Why raising VAT destroys wealth
Increasing VAT prevents mutually beneficial exchanges from taking place – trades that are no longer worthwhile at the higher rate. Thus there is an immediate welfare loss. But the repercussions are far more profound. In particular, raising VAT will have a negative effect on productivity growth. Increasing its rate reduces the economic incentives to trade and therefore hampers the division of labour and the associated productivity gains from increased specialisation, economies of scale and so on. General tax revenues will suffer eventually as lower productivity growth reduces overall output.
Further harmful effects include reduced work incentives, as individuals can buy less with every extra pound they earn, and a greater distortion between vatable and non-vatable goods. Given that most of what people earn is spent, an increase in VAT has much the same effect on incentives as an increase in income tax – it reduces real, take-home pay.
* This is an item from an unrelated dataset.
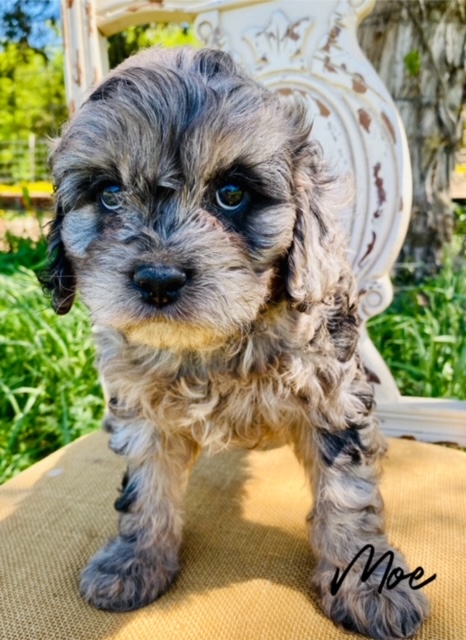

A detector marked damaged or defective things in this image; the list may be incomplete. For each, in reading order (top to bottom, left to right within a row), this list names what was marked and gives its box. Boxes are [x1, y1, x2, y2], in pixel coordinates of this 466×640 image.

chipped paint [316, 99, 332, 117]
chipped paint [356, 109, 372, 132]
chipped paint [358, 231, 376, 266]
A higher rate of VAT also encourages individuals and firms to conduct business in the informal economy. Accordingly, the “black market” tends to be larger in countries with high rates of VAT, even in cultures where corruption is relatively weak, as in Scandinavia. Yet investment is a problem for informal businesses – they cannot expand like formal businesses and therefore may hinder the creation of wealth in the long-term. Black market businesses also expend resources on avoiding detection, corrupting officials, paying participants a risk premium and so on. Furthermore, an expanding informal economy may encourage draconian and costly countermeasures by tax authorities, which also impose additional costs on legitimate businesses.